Often when something bad is happening we shy away. We don’t want to put ourselves out there. Why should we take on the conflict ourselves? If we speak up, we might not be liked. We could be hurt, killed, or embarrassed.

What if you are the only person around when a conflict arises and the police won’t get there in time? What happens if you can’t hide behind your happy keyboard or convenient cell phone?

In cub scouts, I need to speak to my second grader about courage. The discussion is a requirement for him to become a Wolf. They also teach “moral courage” at his school. The teachers playact situations to demonstrate that students should do the right thing even when no one else is.

What forms should courage take? Is a text message enough? What actions should we take to help someone? How should we act on the truth?

My son will to great lengths to defend the people he cares about. As a protective mother, I’ll talk about having courage and making safe choices.

A friend from college always says that he’s afraid he will act in a crisis and lay his life down for others. This has always shocked me because I’ve always been afraid that I wouldn’t.

Each of us may think we know how far we will go to help someone or right a situation, but who knows what will occur under pressure. We have our own personal amount of courage for each situation and sometimes we need to find it.

Saturday, January 10, 2009

Kicking In The New Year To Become Your Opposite

The kickboxing instructor looked at me with distain. “You do yoga and running, but nothing aggressive?”

Even though I just met her, I had to prove myself. This is me. I ride a motorcycle, hike, camp, and take the hard knocks in life standing up. Had I really never done anything “aggressive”? That couldn’t be true. I stood there thinking and remembered judo in college. Yes, I had officially done something aggressive! I quickly explained that the girls refused to be my partner because they were afraid of me. I had to throw the guys and that was easier because the bigger they are the easier it is to get under their center of gravity and the harder they fall. Whew, passed the first test.

Why did it matter to me?

I didn’t know her and hadn’t even signed up yet. Obviously she’s the type of person I admire. Although small, she was straightforward and filled with a recognizable strength. Even more so, when I set my sights on something, I hate when someone thinks I can’t do it.

A long time ago, I took a simple personality quiz. The whole premise was that we all have characteristic traits from four areas. One is our strongest and one is our weakest with the other two in between. People spend their time trying to determine their personality, but that’s not what’s important. You need to concentrate on the person you are not. If by the end of your life you do not become your opposite, you will be unfulfilled.

My whole life I’ve been an overweight slug and I have the thighs to prove it. As I was turning 40, I decided to change. Other women told me that I shouldn’t bother to lose the weight, but I lost 50 pounds. For nine years I’ve practiced yoga, and I found the Thrive Yoga studio to help me reach a more advanced level. Two years ago, I started running on New Year’s Day and I’ve never missed going out a few times a week.

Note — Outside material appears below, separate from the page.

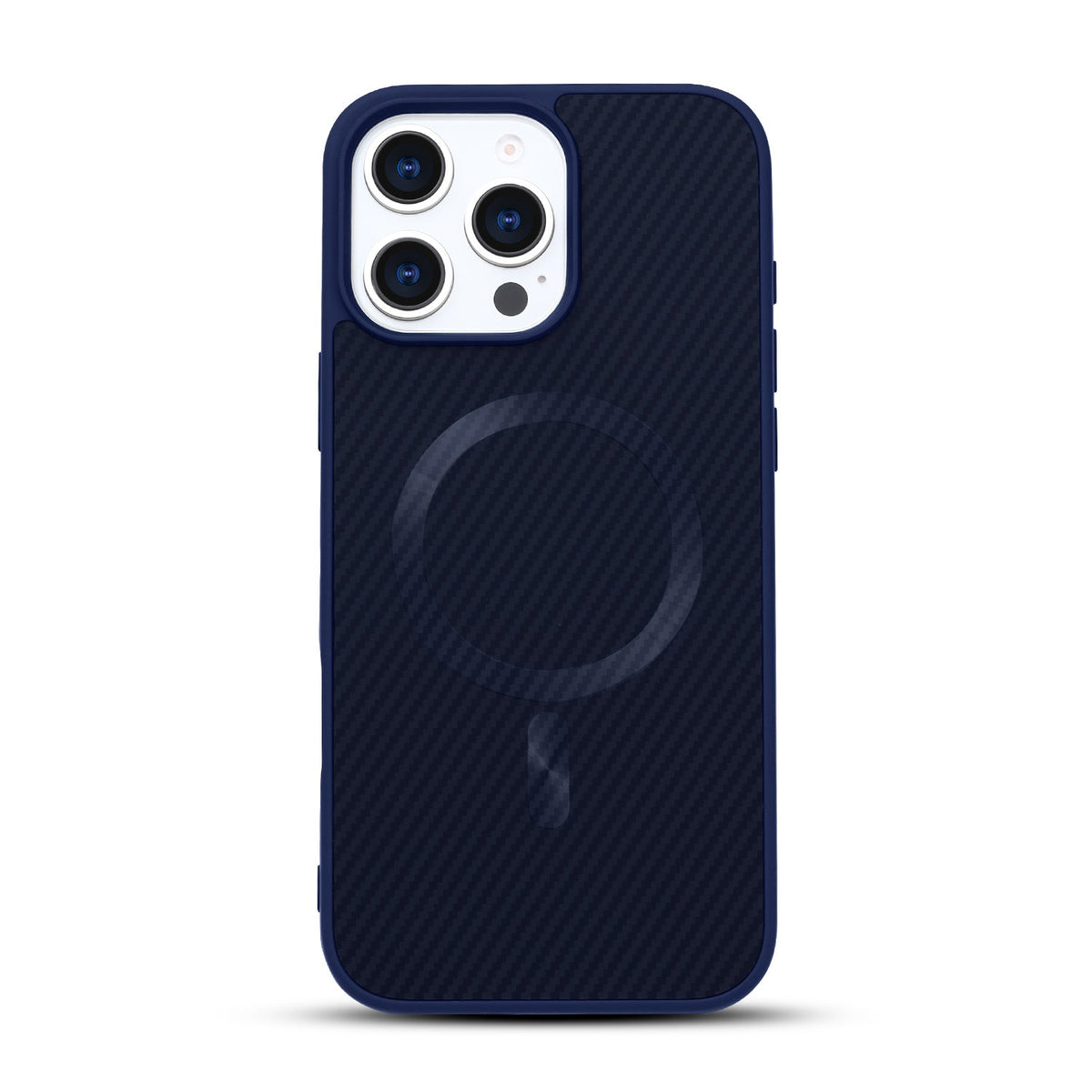 Apple iPhone 15 Pro Hoesje - Blauw - Carbon MagSafe Back Cover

Fellow blogger, Amy Kimes, posted a link to her friend’s website about creating a personal vision board. With limited time, I answered the questions and created a personal vision statement which included kickboxing.

Throughout my life, I’ve ignored my physical well-being. In order to be complete, I need to be more adventurous. My instructor turned out to be a national champion in kickboxing. She trains, completes, and teaches in a few martial arts. I gave her hope that she could still have children in her 30’s and she inspired me to be totally fit.

Think about the person you want to be. Create a vision about where you would like to volunteer, what you dream of doing, what you would like to accomplish in work, and where you want to take your vacation.

Spend some time thinking about everything you don’t like to do. All those activities and situations you would never be caught dead trying. When you hear yourself saying “That’s not me”, take some time to determine why. Decide whether there are any barriers that might be stopping you from doing something fun, different, and challenging.

Most importantly, take it one year at a time -- starting this year.